◆ **Record extracts**:
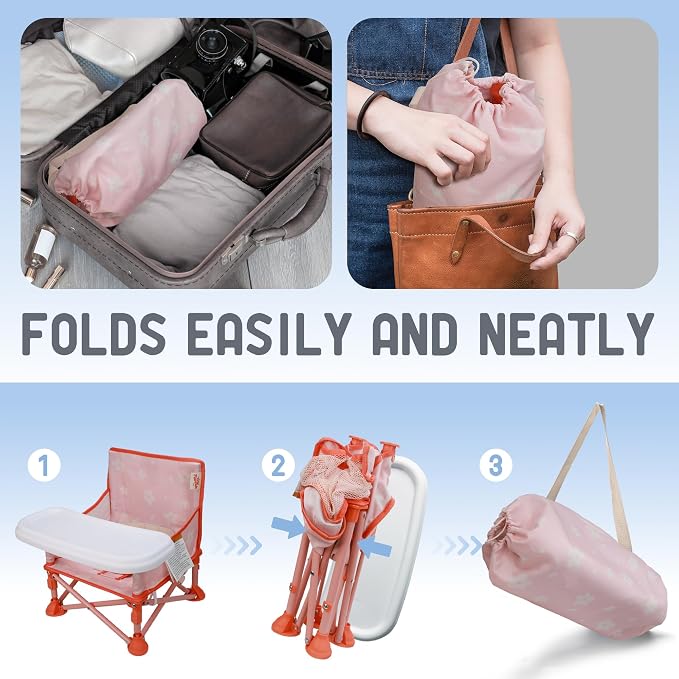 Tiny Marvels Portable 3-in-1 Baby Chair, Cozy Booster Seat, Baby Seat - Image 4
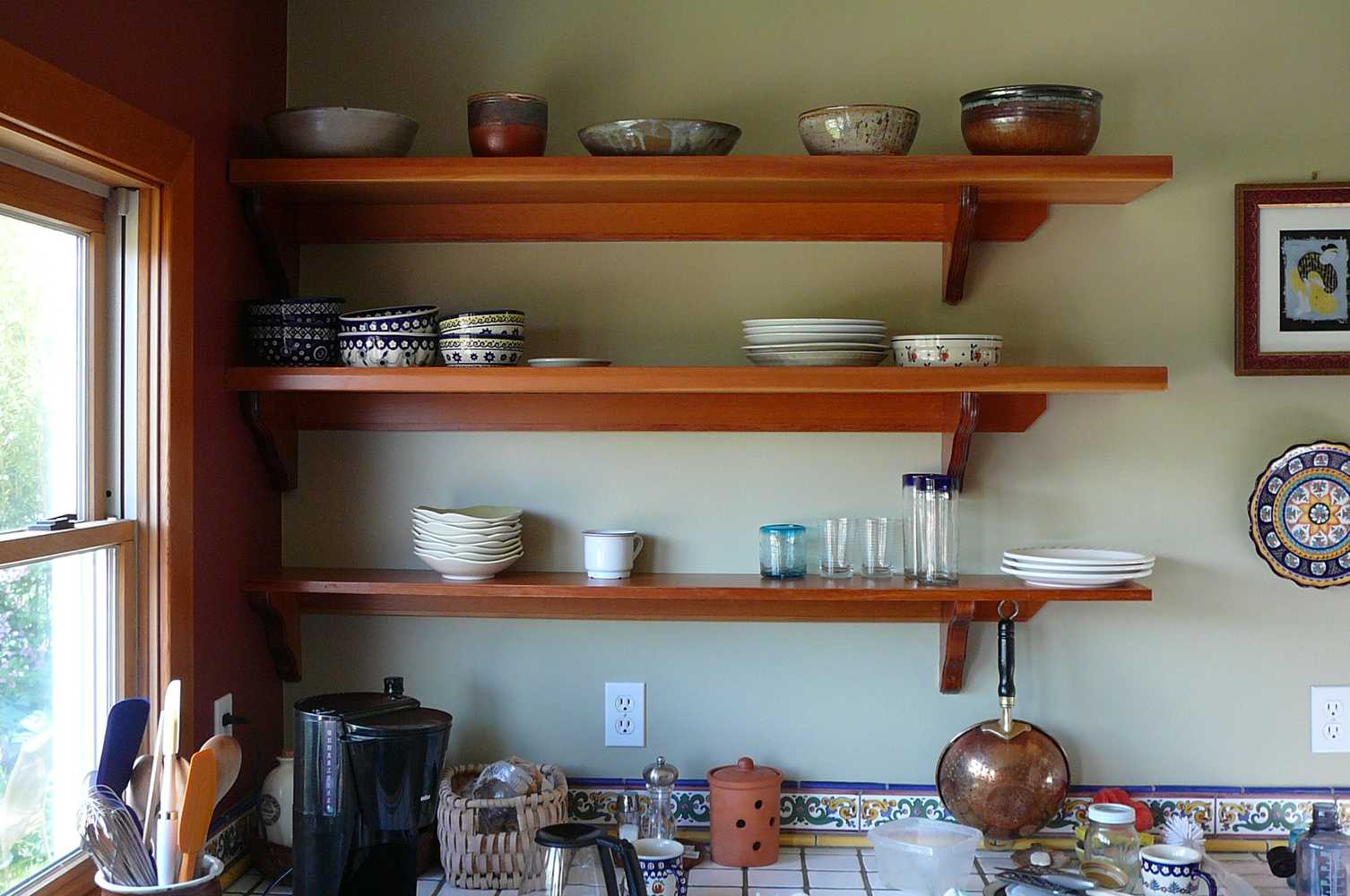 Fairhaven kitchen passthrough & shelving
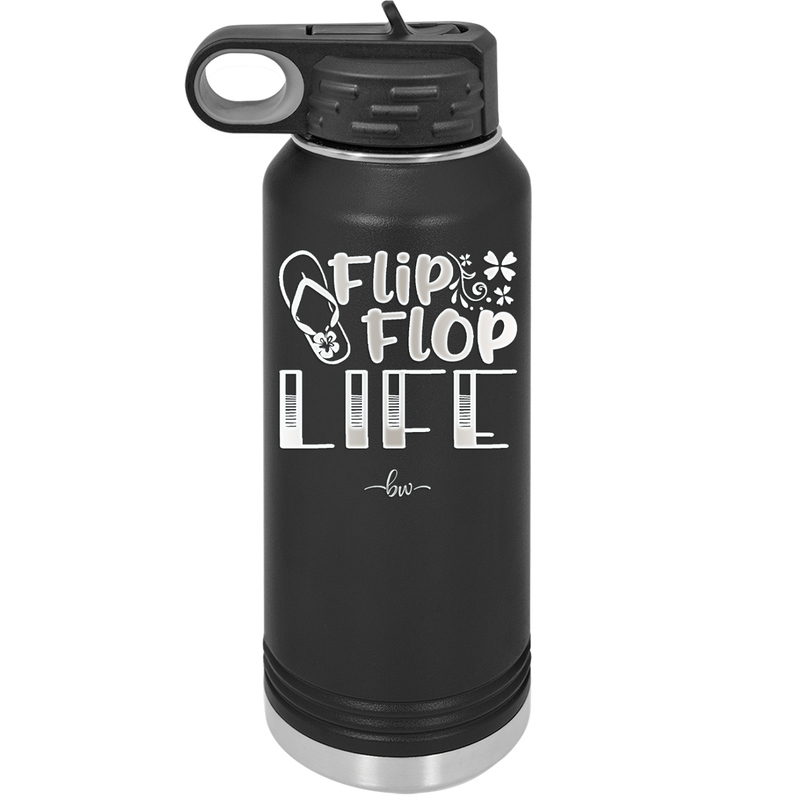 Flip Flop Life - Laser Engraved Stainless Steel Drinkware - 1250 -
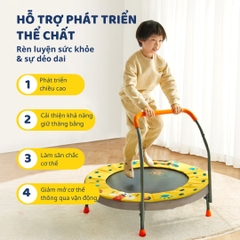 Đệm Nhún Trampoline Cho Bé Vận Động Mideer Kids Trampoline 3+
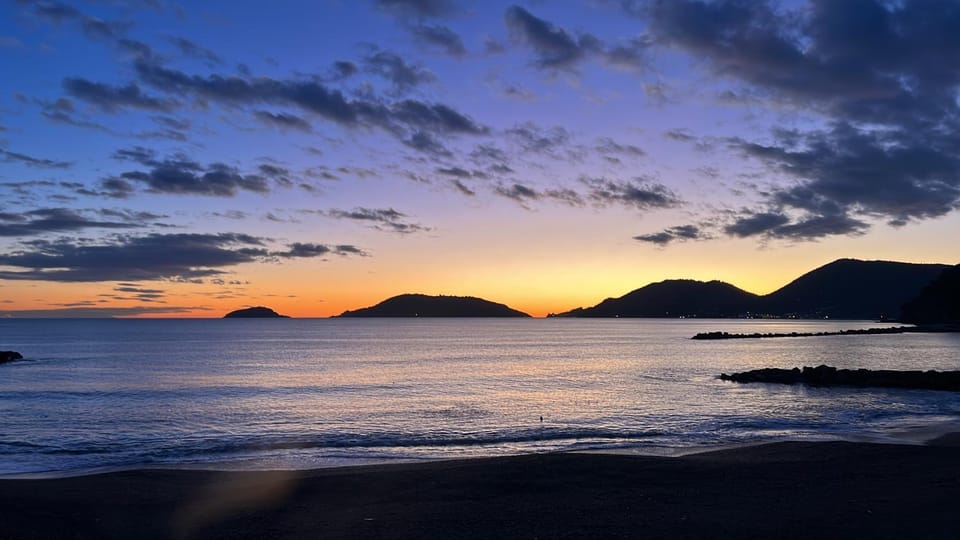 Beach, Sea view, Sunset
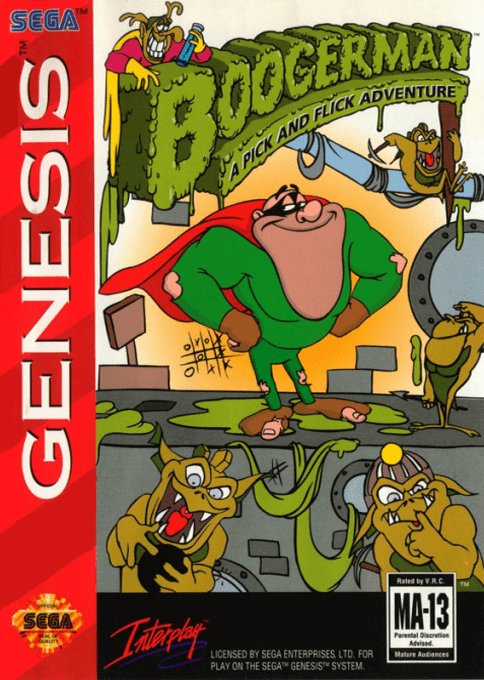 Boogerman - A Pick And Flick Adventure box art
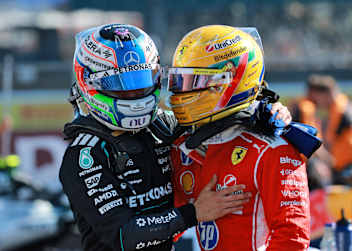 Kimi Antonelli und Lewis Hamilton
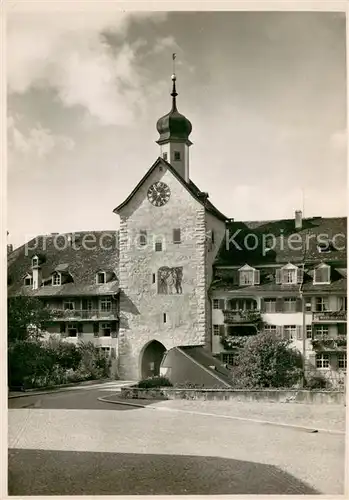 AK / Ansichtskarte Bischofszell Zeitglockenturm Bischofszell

◆ **What the task asks**: Using the material above, restate word for word the lines from the line that has "Beach, Sea view, Sunset" to the last line, inclusive, with pictures omitted.

◆ **Task output**:
 Beach, Sea view, Sunset
 Boogerman - A Pick And Flick Adventure box art
 Kimi Antonelli und Lewis Hamilton
 AK / Ansichtskarte Bischofszell Zeitglockenturm Bischofszell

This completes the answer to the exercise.